David Ladd Speaks Out on Orative Acquisition
• Due To Hot Market, Mayfield Lets Orative Go Early
By John Letzing 10/27/2006
Venturewire
David Ladd, a managing director with Mayfield Fund, hatched mobile telephony company Orative Corp. within his firm some four years ago. And while Ladd said he would have liked to develop the company further, he and other investors were compelled to part ways with Orative this week due to the hot nature of the market by selling to Cisco Systems Inc. for $31 million.
Orative had raised a total of $18 million in funding from investors including Mayfield, Diamondhead Ventures and Trinity Ventures. After Ladd formed the company, Mayfield seed funded it, hired management and eventually brought in Diamondhead Ventures to raise its initial Series A round in 2003. A Series B round, including money from Trinity, followed in 2004.
San Jose-based Orative develops technology that connects mobile phones to nominally separate communications networks within enterprises.

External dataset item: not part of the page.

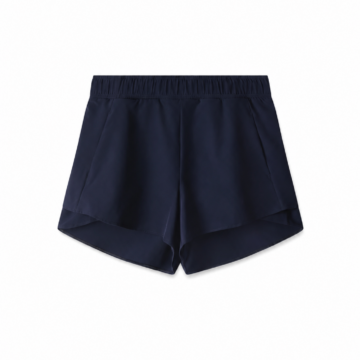 Navy Solid Flow Shorts with Elastic Waist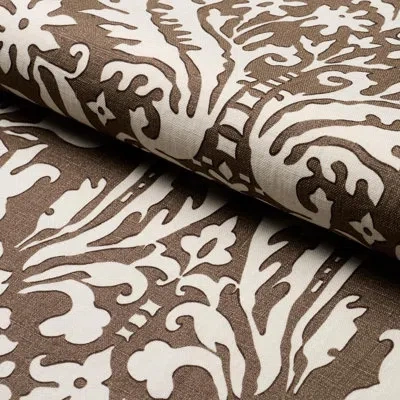 Schumacher X Veere Grenney Suffolk Damask Fabric In Brown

The market for technology enabling the convergence of formerly disparate networks such as cellular and Internet has become very active in the last few years -- and companies like Cisco have taken note. Its acquisition of Orative is slated to close in early 2007.
Ladd, who sits on Orative's board of directors, said the acquisition "happened sooner than I would have liked," in part because Cisco "was actively looking at other deals" among Orative's competitors, thus forcing the investors' hand.
Cisco has actually invested in one of those competitors: Traverse Networks Inc. Traverse has raised at least $16 million to date from Cisco, Foundation Capital, Lightspeed Venture Partners and Labrador Ventures. Another Orative competitor, FirstHand Technologies Inc., is backed by $17 million from investors including BDC Venture Capital, Covington Capital Corp. and Skypoint Capital.
Cisco spokeswoman Jacqueline Pigliucci said the Orative acquisition will have no impact on Cisco's Traverse investment, which will continue. "Our investment and acquisition strategies are related, but not dependent on one another," Pigliucci said.
Ladd said despite wanting to spend more time developing Orative, he is satisfied with terms of the deal, which he called "a good exit." Cisco, which had partnered with Orative in the past, "decided it was too important to have it available to anyone but themselves," Ladd said. "You've got to take these things when they come."
Mayfield began placing a heavier emphasis on incubating start-ups around the time Orative was born. Other products of the firm's incubation program include open source calendaring and email developer Scalix Corp., and online gaming company PlayFirst Inc.
Pigliucci said that all 33 Orative employees will be absorbed by Cisco's Voice Technology Group. Pigliucci said that with the acquisition, Cisco is able to add a mobile aspect to its Unified Communications line of enterprise products.
Just like a BlackBerry pushes email to users, "Orative allows enterprise users to take everything they have in their office and push it to their mobile phones, including voice," Pigliucci said. "For us, [Unified Communications] is quadruple play for the enterprise... and we're adding mobility."